I understand this, but it’s been difficult to watch so many projects fails. Some of these projects were massive investments and some of the work was very good. Nonetheless, as fast as projects were shut down, the opportunity remained obvious and, as a consequence, new investments were always being started. After nearly a decade, that’s still true. Many projects have started, almost the same number have been shut down, but the common element is that there are always many ARM Server investments underway.

In some ways it’s good that there continues to be deep investments in ARM server processors, but producing a winning part requires deep investment and patience. Much of the modern corporate world is only just “ok” at deep investments, and most are absolutely horrible at patience. Server processor development takes time, the ecosystem needs time to develop, and customers need time to adopt new technologies. Big changes never happen overnight and, without patience, they simply don’t happen at all.

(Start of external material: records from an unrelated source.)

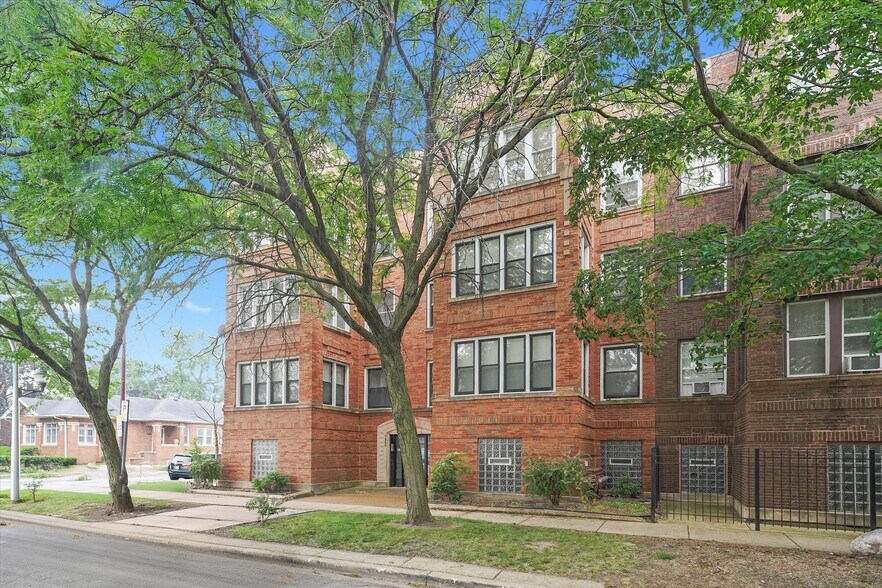 7256-7258 S Merrill Ave, Chicago, IL à vendre - Photo de l’immeuble – Image 3 sur 7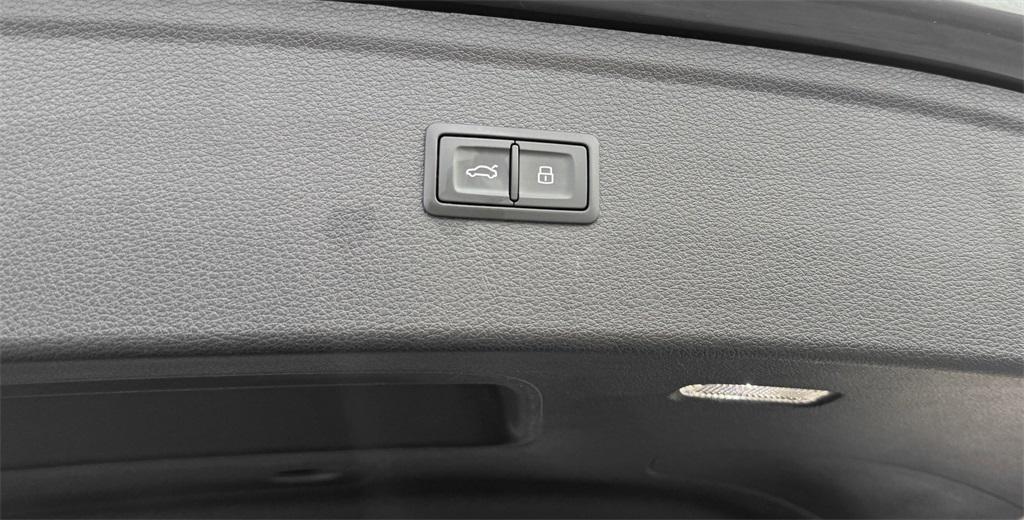 used 2022 Audi Q5 car, priced at $22,898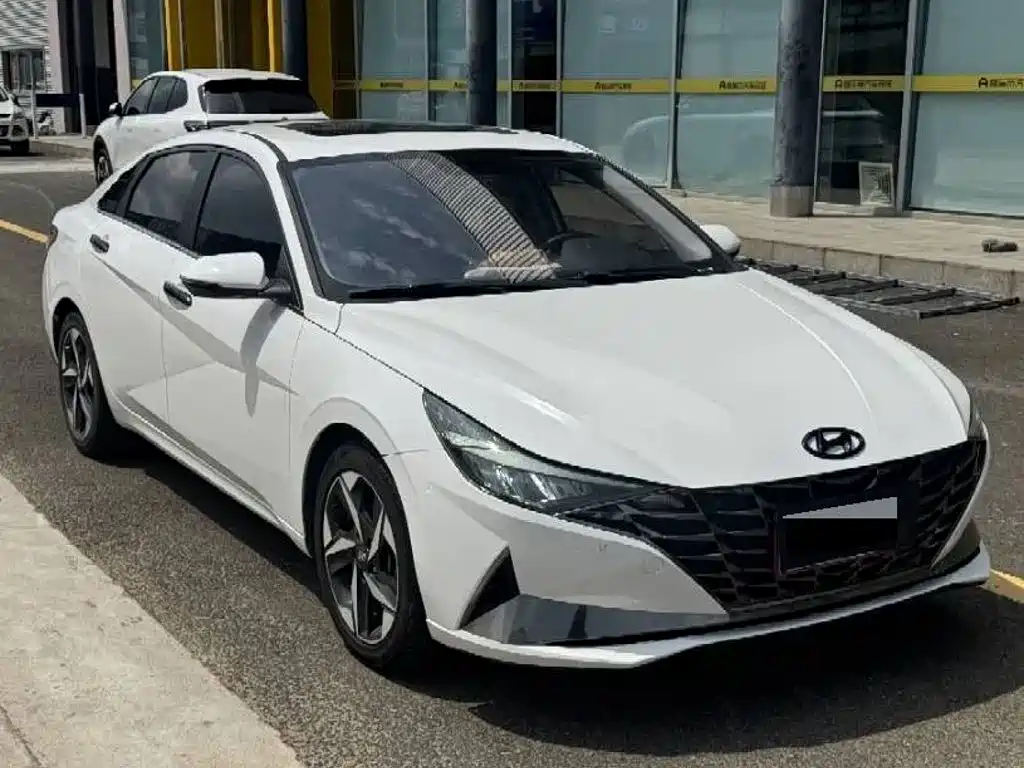 Hyundai Elantra 2023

Back in 2014 I was quoted as saying “the development of ARM-based chips for data center servers wasn’t progressing fast enough … to consider using them over Intel processors.” Like many quotes, it’s not exactly what I said but the gist was generally correct. In my opinion, at that time there were no ARM server parts under development that looked like they could win meaningful market segment share. All these investments were just slightly too incremental and a part that was only “about as good as what was currently in market”, isn’t going to attract much attention, isn’t going to cause the ecosystem to spring to action, and customers won’t go to the effort to port to it. Unless the new part is notable or remarkable in some dimension, it’s going to fail.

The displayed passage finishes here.